No elections in recent years have caused quite such a storm of emotion in Washington as the one in Iran. The White House is clearly feeling the stress, which is quite alarming, as it may be on the way to a nervous breakdown. Mahmoud Akhmadi Nejad's victory is a touchstone that checks the common sense of modern political leaders.
On the one hand, popular opinion has it that the man who has come to power in Tehran is a radical and a populist who speaks openly about confrontation with the United States and his firm intention to continue with the nuclear program that could potentially lead to the emergence of another nuclear power. On the other hand, this is the democratic choice of the Iranian people. And as such it should be respected. Washington and London's repeated declarations about the elections being flawed is just so much demagogy. The poll in occupied Iraq accompanied by the roar of explosions was democratic, but the one in Iran, with a run-off and a convincing victory for Nejad, was not. Yet this is a specific feature of democracy: People you do not like can come to power.
If we recall the long-time mutual "love-in" between the United States and Iran, if we consider all of America's pre-election threats against Tehran, if we add Washington's consistent pressure on the IAEA, Russia and Europe about Iran's alleged nuclear dossier, we can see that it was the Americans who were largely responsible for the outcome of the elections. This is a rare occasion when I have to agree with Hezbollah, which immediately after the poll said that the result was a slap in America's face.

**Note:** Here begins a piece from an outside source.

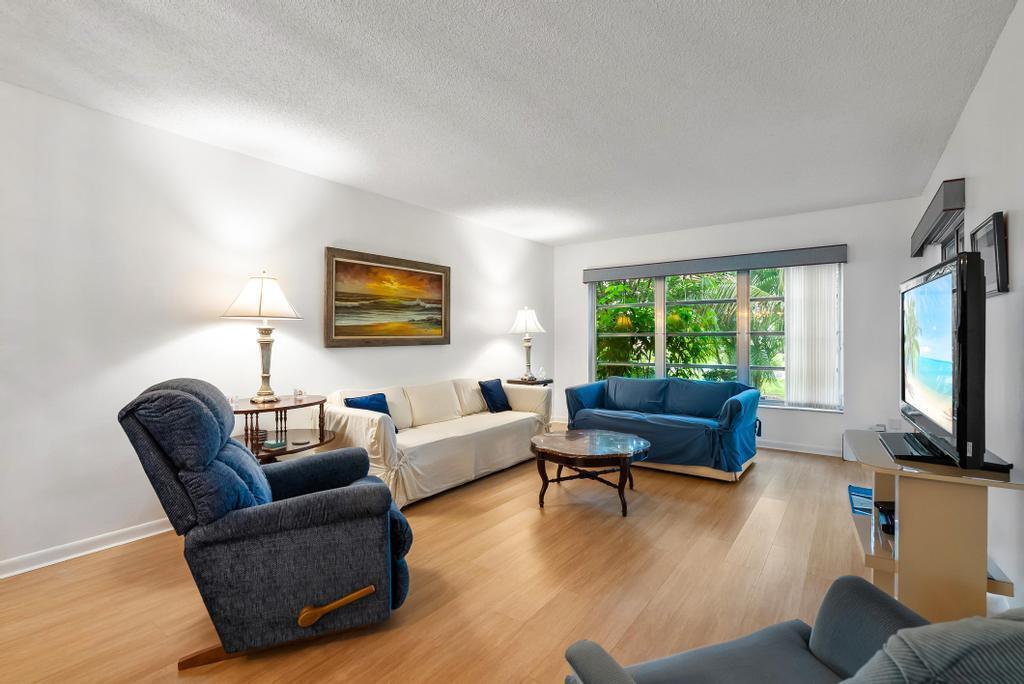 5770 Princess Palm Ct #B Delray Beach, FL 33484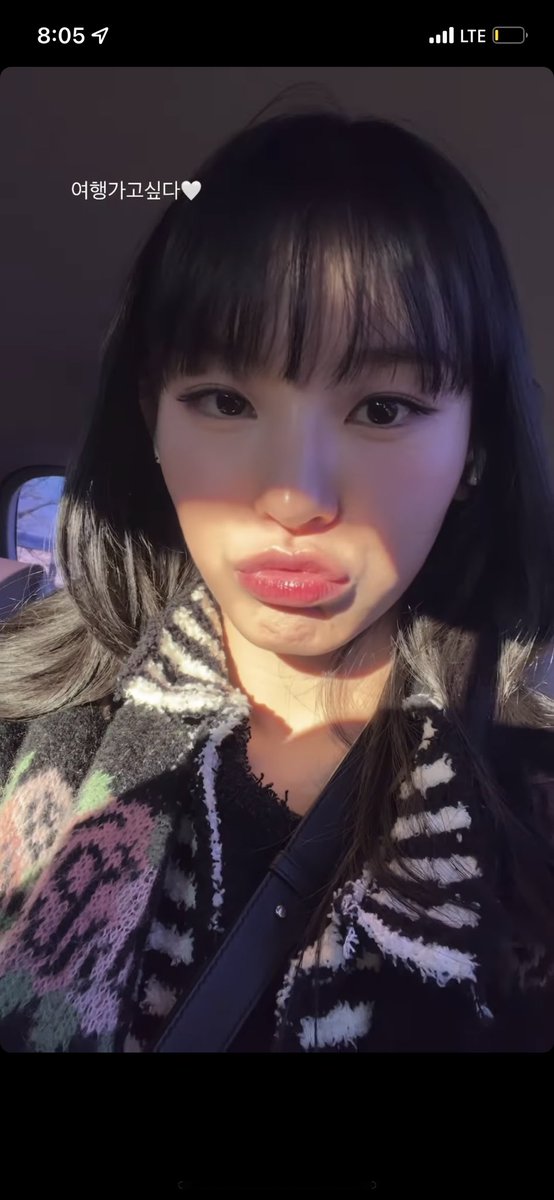 0_EUNo's tweet photo. 여행가고 싶어했던 지혜 오리아니야? https://t.co/pWGp1maCNt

Of course, Iranian voters had other considerations apart from the desire to pique Bush. There is, for example, the problem of daily bread, of which after many years of liberal reforms there is not enough for the majority of the population. Nejad promised social changes, and people voted for him. But the American factor played a no less significant role.
The Bush administration does not seem to realize it, but it fact it has reached deadlock. According to recent polls, even most Americans think that the United States has got bogged down in Iraq. Now the Iranian problem has got worse, and not without interference from the White House.
You can guess what common sense torture has befallen George W. Bush. His inner desire to wipe the "damn ayatollahs" off from the face of the earth is easy to see, but the American empire, which seemed all-mighty but yesterday, has reached the limit of its capabilities - which, incidentally, have proven not that great. True, the Americans can bomb Fallujah, but they have failed to establish elementary order in Iraq, to say nothing of democracy. The military-strategic and political aims of the Iraqi operation have been a mess. And, what is worst for the U.S., its policy moves by inertia: Bush recently confirmed once again that America would stay in Iraq as long as necessary. Apparently this means at least until the next elections at home.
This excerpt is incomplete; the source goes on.